Let $f:[a,b] \to \Bbb R$ be continuous . Define $g:[a,b] \to \Bbb R$ by $$g(x) = \sup[f(t) | t \in [a,x]].$$
Then is $g$ continuous? I tried to show the inequality $$|g(x)-g(y)| \le \sup(f(t) | t \in [x,y])$$ but wasn’t able to. Any hints or suggestions will be appreciated.
On
Let $a\leqslant x\lt y$. Then $$ g(y)=\max\left\{\sup_{a\leqslant t\leqslant x}\left\lvert f(t)\right\rvert,\sup_{x\leqslant t\leqslant y}\left\lvert f(t)\right\rvert\right\}= \max\left\{g(x),\sup_{x\leqslant t\leqslant y}\left\lvert f(t)\right\rvert\right\}. $$ We use the bound $$ \sup_{x\leqslant t\leqslant y}\left\lvert f(t)\right\rvert \leqslant \sup_{x\leqslant t\leqslant y}\left\lvert f(t)-f(x)\right\rvert+ \left\lvert f(x)\right\rvert\leqslant \sup_{x\leqslant t\leqslant y}\left\lvert f(t)-f(x)\right\rvert+g(x) $$ in order to get $$ g(y)\leqslant \max\left\{g(x),g(x)+\sup_{x\leqslant t\leqslant y}\left\lvert f(t)-f(x)\right\rvert\right\}=g(x)+\max\left\{0,\sup_{x\leqslant t\leqslant y}\left\lvert f(t)-f(x)\right\rvert\right\} $$ and since $g$ is non-decreasing, it follows that $$ \left\lvert g(y)-g(x)\right\rvert\leqslant \sup_{x\leqslant t\leqslant y}\left\lvert f(t)-f(x)\right\rvert. $$ Now the continuity of $g$ follows from the uniform continuity of $f$: fix a positive $\varepsilon$ and choose $\delta$ such that if $a\leqslant t_1,t_2\leqslant b$ are such that $\left\lvert t_2-t_1\right\rvert\lt \delta$, then $\left\lvert f(t_2)-f(t_1)\right\rvert\lt \varepsilon$. If $a\leqslant x\lt y\leqslant b$ and $y-x\leqslant \delta$, the previous inequality shows that $\left\lvert g(y)-g(x)\right\rvert\leqslant\varepsilon$.

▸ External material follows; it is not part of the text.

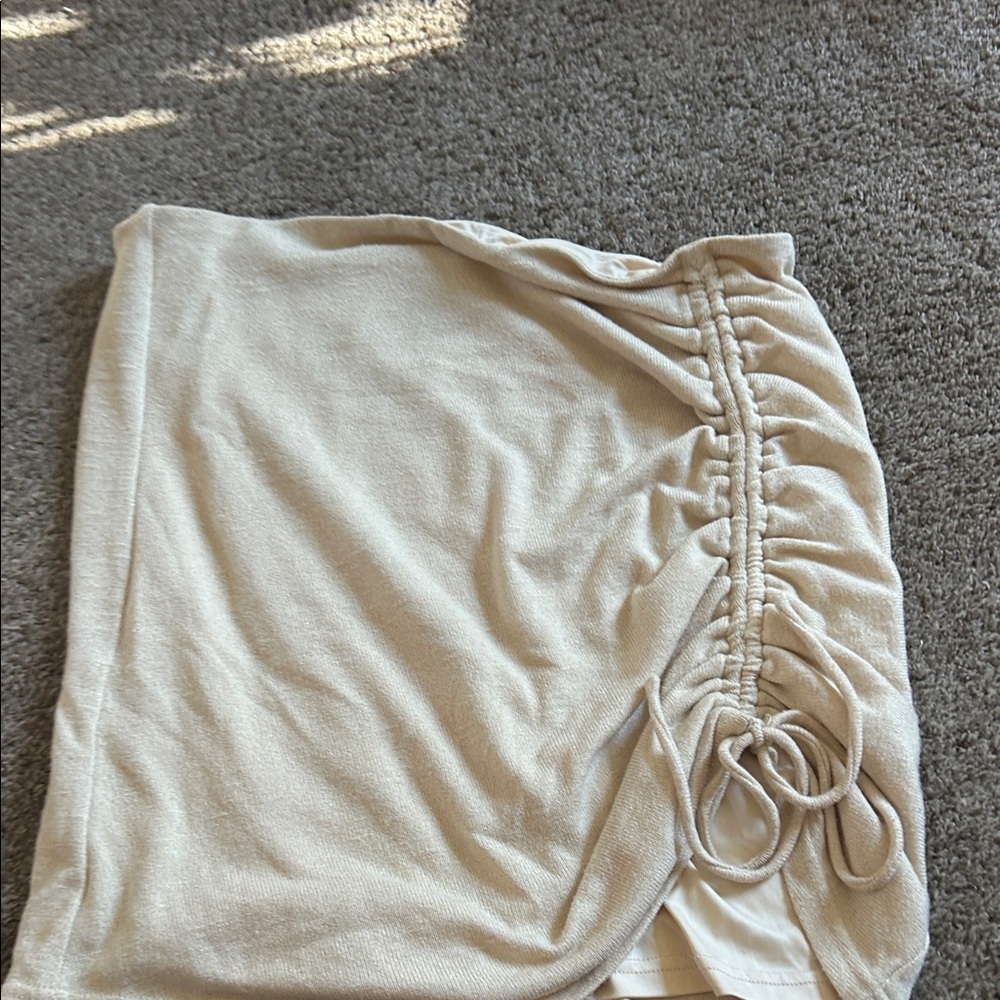 Elegant Cream Ruched Skirt - Princess Polly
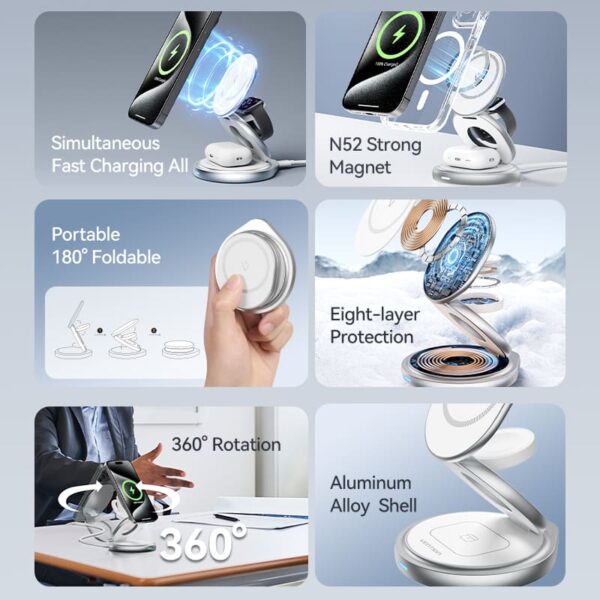 VENTION FGEI0 3-in-1 15W Wireless Charger 360° Rotating Stand with MagSafe - Image 3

Your inequality is false. Suppose that $f:[0,1]\rightarrow \mathbf{R}$ is given by
$$f(x) = 2x-1.$$
then $g(x) = 2x-1$. What is $|g(1/4)-g(3/4)|$ and what is $\sup\{f(t)\mid t\in [1/4,3/4]\}$?
For a given $x>0$ consider that $\exists \xi_x$ such that $f(\xi_x) = g(x)$ for every $x$ (why is that?). Suppose that $f(x)<f(\xi_x)$ then $f(x+\delta)<f(\xi_x)$ for $|\delta|<d$ where $d$ is sufficiently small (why is that?). Then $g$ is constant on $(x-d,x+d)$ and hence continuous.
Suppose now that $f(x) = f(\xi_x) = g(x)$, given $\varepsilon>0$ pick $\delta>0$ such that $|y-x|<\delta$ implies that $|f(x)-f(y)|<\varepsilon$. What can then be said about $\sup\{f(t)\mid t\in [0,x+\delta]\}$?